Foto: www.valenciacf.com
Hemos asistido esta semana a un fenómeno extraordinario. El favor arbitral de algo tan lejano como el partido de la semana pasada nos ha permitido un trasvase de altas y bajas por parte de los repartidores de sentiment y reprimendas por encima del hombro de la flora y fauna de Valenciastán. Próceres, lo más fino que he leído en estos días. Monóculo en ojo, supongo, mientras declaman aquello de 'Espejito, espejito...'. Esta semana me ha recordado casi a una experiencia religiosa, que cantaba el hijo de Julio, que no Hulio. He visualizado a los parroquianos de las redes sociales en sus casas, con su batín a la altura de la cintura y descalzos, flagelando su propia espalda por ganar un partido sin, según la corriente populista, apenas merecerlo.

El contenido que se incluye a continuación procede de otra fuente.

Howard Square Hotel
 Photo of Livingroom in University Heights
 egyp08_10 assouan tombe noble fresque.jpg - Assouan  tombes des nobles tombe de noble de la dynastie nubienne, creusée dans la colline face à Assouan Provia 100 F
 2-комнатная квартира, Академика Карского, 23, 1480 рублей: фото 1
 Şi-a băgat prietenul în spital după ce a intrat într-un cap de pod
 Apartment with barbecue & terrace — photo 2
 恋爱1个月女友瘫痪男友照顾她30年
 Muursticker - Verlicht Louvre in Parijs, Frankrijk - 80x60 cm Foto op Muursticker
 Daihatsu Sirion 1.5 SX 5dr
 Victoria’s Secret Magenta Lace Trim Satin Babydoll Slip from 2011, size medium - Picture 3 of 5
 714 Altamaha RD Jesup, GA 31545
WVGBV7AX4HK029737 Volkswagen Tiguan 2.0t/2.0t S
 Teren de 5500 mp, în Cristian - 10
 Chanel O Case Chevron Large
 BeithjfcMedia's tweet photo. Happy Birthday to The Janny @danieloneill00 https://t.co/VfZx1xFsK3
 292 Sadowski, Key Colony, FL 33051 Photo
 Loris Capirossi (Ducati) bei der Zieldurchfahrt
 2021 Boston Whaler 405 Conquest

Porque sí, querido lector. En esta ley no escrita, en el momento que una equivocada decisión arbitral de gran calado sucede, se abre un partido paralelo. Y no cuenta ni el antes ni, evidentemente, el hipotético después. El empujón de Gabriel a Gayá abre una dimensión que convierte el 1-2 en un resultado inamovible, donde no pueden suceder cosas como faltas discutidas, expulsiones o, llámenme loco, más goles.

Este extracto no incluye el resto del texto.